I think my favorite sentence from Dubya during his comments this morning was:

"I am not a geologist."

gee, thanks for clearing that up.

and it is nice to know that Pfizer is matching the government's contributions... geez.

http://www.msn.pldt.com.ph/news/article.aspx?nid=5180&sid=2

Jojo Acuin's eerie prediction: Expect more quakes!
By EFREN B. MONTANO

People's Tonight


MORE earthquakes will shake Asia, including the Philippines, People's Tonight resident psychic Jojo Acuin said yesterday even as mild tremors hit Bataan and Davao early yesterday morning.


For his 2005 (Year of the Rooster) prediction, Acuin said earthquakes will shake Luzon and the Visayas.


Temblors will also stun Japan and Malaysia as well as -- again -- India and China, he said.


In predicting that more temblors will hit the region, Acuin again demonstrates his uncanny ability to predict events in the future. It may be recalled that he predicted in 2003 that an earthquake will strike India, Malaysia and Thailand.


In the Nov. 20, 2003 issue of People's Tonight entitled "Satanism, Wars, Chaos and Cults," Acuin said that Malaysia and Thailand will tremble.


He added that a big quiver in Indonesia and India will occur.


Later, Acuin said that 2004 will be a tragic year for India following tens of thousands of deaths owing to a big quake.


The death toll from an earthquake off Indonesia (that measured 9 on the Richter scale) and the tsunamis that it unleashed in Sri Lanka, Thailand, Malaysia, Maldives, Bangladesh and India reached more than 14,122.


Sri Lanka was hard hit with 4,857 people confirmed dead, and 1,538 others reported missing. In Indonesia, at least 4,448 people were killed as the country took the full force of the huge earthquake and tsunamis that swallowed entire coastal villages.

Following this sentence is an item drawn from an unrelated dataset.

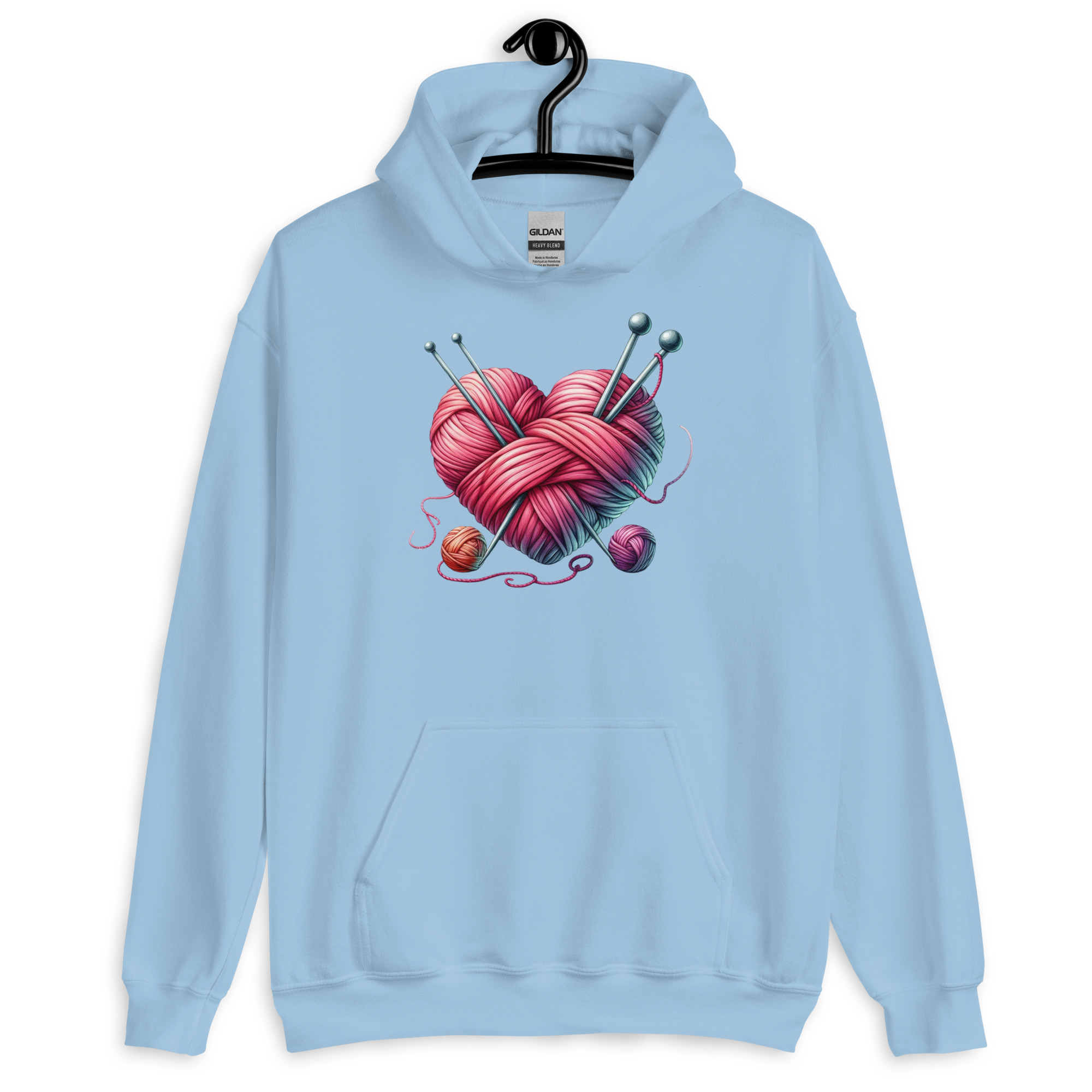 unisex-heavy-blend-hoodie-light-blue-front-67801cd62d6cf.jpg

At least 4,278 people were killed in southern India. At least 461 people were killed and more than 3,800 injured in southern Thailand, including foreign tourists at famous seaside resorts.


In Malaysia, 44 people, including many elderly and children, were killed, officials said. A British tourist and 31 other people died in the low-lying Maldives, officials said.


In Bangladesh, a father and child were killed after a tourist boat capsized from large waves.


In an unrelated development, one person was reported dead, another missing and 23 injured after a series of 47 earthquakes in southwestern China's Yunnan province. Some of the quakes as powerful as 5 on the Richter scale struck over a 17-hour period Sunday.


Yunnan province, in a quake-prone part of China, experienced a tremor in August that left more than 125,000 homeless, killed four and injured nearly 600.


Meanwhile, the Department of Foreign Affairs said yesterday it has not received reports yet of a Filipino casualty killed in the tsunami waves that hit Sri Lanka, Indonesia, India, Malaysia and Thailand.


About 5,000 Filipinos are deployed as overseas Filipino workers in all of Indonesia and 70 in Phuket, the popular resort city in Thailand that was hit by the tsunami. Only 600 Filipinos work in India.
 
Hi,



Ocean disaster toll 114,000 Dead and 5 Million people Homeless

And Still fate of Thousenad not known :( :( :(


CONFIRMED DEATH TOLL
  1. Indonesia: 79,940
  2. Sri Lanka: 24,743
  3. India: 7,330
  4. Thailand: 2,394
  5. Somalia: 120
  6. Burma: 90
  7. Maldives: 67
  8. Malaysia: 65
  9. Tanzania: 10
  10. Seychelles: 1
  11. Bangladesh: 2
  12. Kenya: 1


Ocean disaster toll hits 114,000

New figures reveal at least 114,000 people died in Sunday's ocean disaster.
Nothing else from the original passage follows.